London based contemporary Japanese artists and London-Tokyo digital projects present new works at the Pump House Gallery.
London based contemporary Japanese artists and London-Tokyo digital
projects present new works at the Pump House Gallery from January 11 to
March 3 2002 as part of the Japan 2001 celebrations.
Hiroko Nakao received an MA in Fine Art from the RCA in 2000. Since then
she has exhibited her elaborately layered collaged paintings and
installation works at Pump House Gallery, in the new project space at
Victoria Miro Gallery, Snow Gallery and the 2001 Basel Artfair. Her work
incorporates fabric, stitching, lace, paint, butterflies and dolls in a
world of ornate pink theatre. Before studying as an artist, Nakao
studied fashion design in Tokyo and her association with clothes and
making is clearly felt in her work.
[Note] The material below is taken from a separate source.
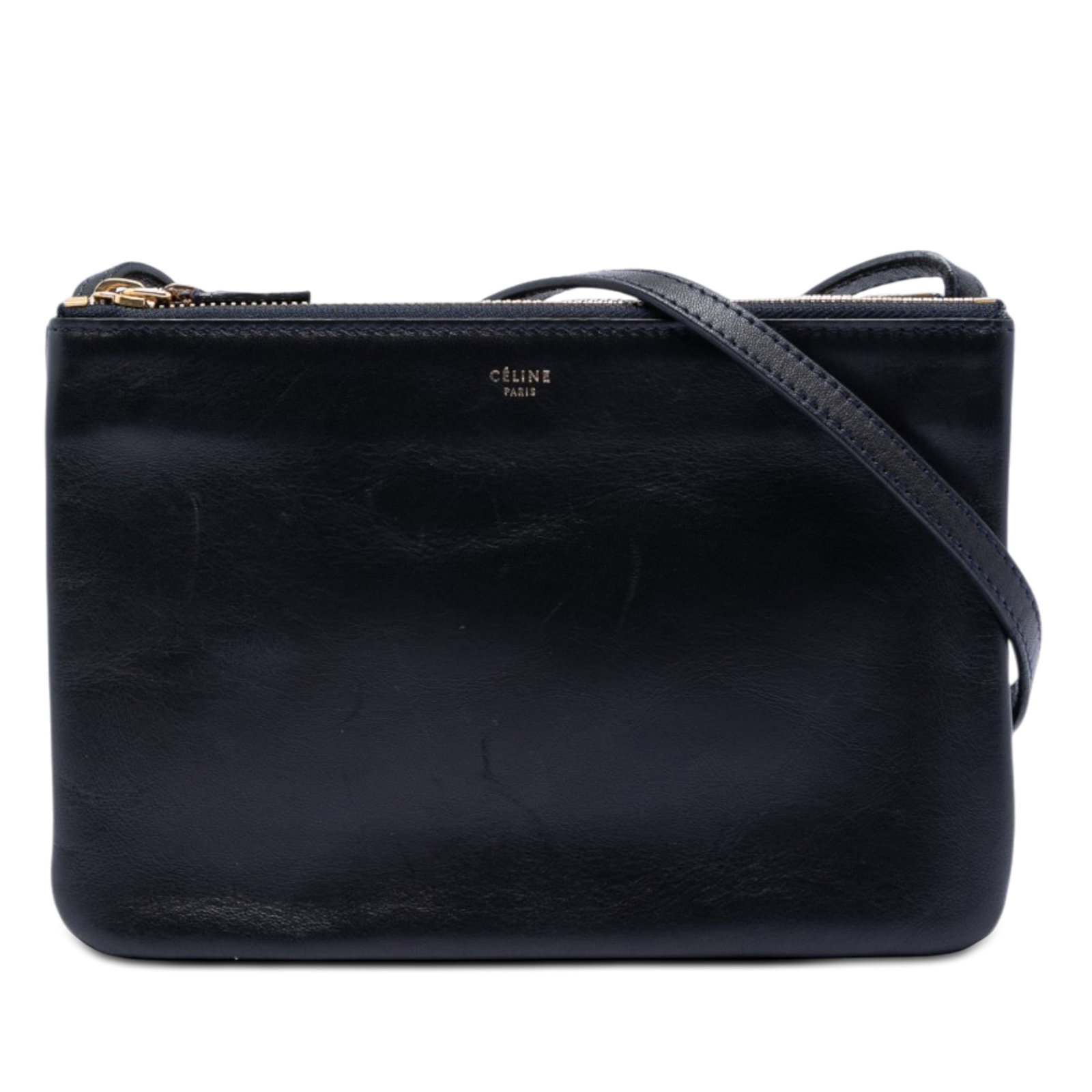 Celine Trio Blue Lambskin Crossbody Bag: Celine Trio Blue Lambskin Crossbody Bag This Celine Small Lambskin Trio Crossbody bag is crafted from blue lambskin leather and features an adjustable flat leather strap with three top zip closures. T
Nakao often incorporates herself in
her work, either in images as a strange flying insect or in live
performance when she wears opulent costumes, turning her body into the
canvas. Nakao now lives and works in London.
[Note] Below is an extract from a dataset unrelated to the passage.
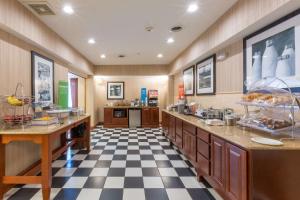 a large kitchen with black and white checkered floor at Hampton Inn Goshen in Goshen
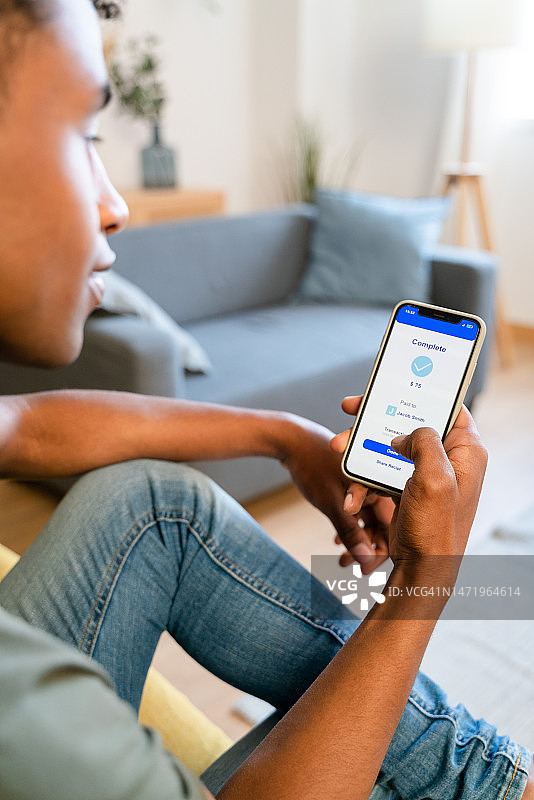 匿名男子坐在沙发上用智能手机汇款的侧视图图片素材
Masakatsu Kondo's exquisitely detailed landscape paintings straddle both
traditional and contemporary realms. 'These pictures are not photoreal
but hyperreal, the products of a highly selective process of editing and
amplification aimed at jolting us out of habitual ways of looking'.
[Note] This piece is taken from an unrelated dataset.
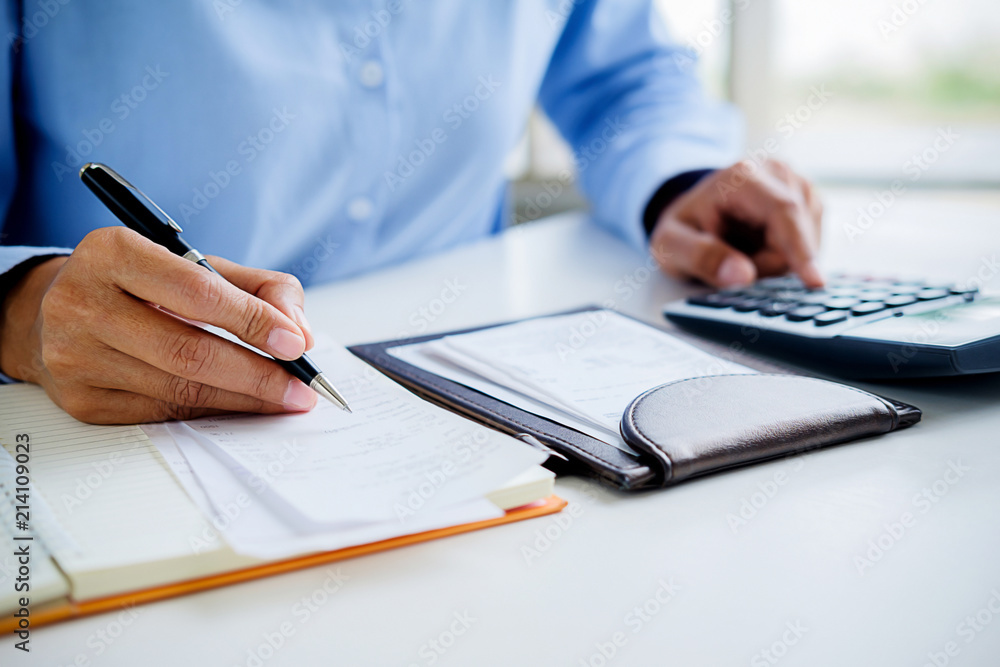 Woman with bills and calculator. Woman using calculator to calculate bills at the table in office. Calculation of costs. Woman with bills and calculator. Woman using calculator to calculate bills at the table in office. Calculation of costs.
Kondo does not present a naturalistic view of the organic world but
rather the vision we are dealt in magazines and calendars. From these
sources, the artist copies, traces and expands to create idealised
landscapes resembling digitally manipulated scenes. Kondo also looks
back to the bold compositions and colours of Japanese master Hokusai.
Mountains are a recurring symbol, seen by the artist both east and west
of his childhood home in Ngoya. He has recently exhibited work at
Zwemmer Gallery London, Turnpike in Leeds and Oriel Mostyn.
Kazuko Takahashi's series of photographic portraits are of Japanese
women living in the UK. Bedecked in their exquisite and immaculate
kimonos, the women stand alone framed by their traditional British homes
and surrounded by a crossover of western and eastern furniture and
momentoes. The women are entirely authentic, wearing their own kimonos
and photographed in their own homes, yet they are strangely dislocated
from their surroundings. Takahashi studied photography at the Surrey
Institute of Art and Design, graduating in 2000. Born in Hiroshima in
1970, she now lives and works in the UK.
Urban Feedback present engaging interactive media experiences that
captures and relay a sense of the experience, form and structure of
Tokyo through the relationship between time-based media and the
subtleties of interaction. London Tokyo is inspired by the chaotic
energy of the two cities. Fragments from street sounds, texts and films
are fused together forming a dynamic reactive collage. Different
juxtapositions of media are created, reflecting atmospheric journeys
through streets and city spaces with the chaos of overheard
conversations, texts, sounds, symbolic and subliminal imagery. Tokyo
Nomad is a reactive environment of animations and films which, over
time, reveals ambient views and impressions of Tokyo. It forms a
backdrop, window or view of Tokyo, the city you inhabit, or the city you
dream of visiting. Urban Feedback are London-based designers Giles
Rollestone and Kathryn Best.
a.. For information about the artists, or about events and talks
accompanying the exhibition, contact Kieren Reed on 020 7350 0523.
b.. SCRAMBLE, a japanese artists' film night at the gallery curated by
Ken Kondo takes place from 5.30-7pm on Saturday 23 February 2002.
c.. Gallery open Wednesday - Sunday 11am-5pm (Saturdays 11am -4pm)
d.. Admission Free
japan four is sponsored by Japan 2001, Asahi and Apple.
pump house gallery is part of Wandsworth Borough Council.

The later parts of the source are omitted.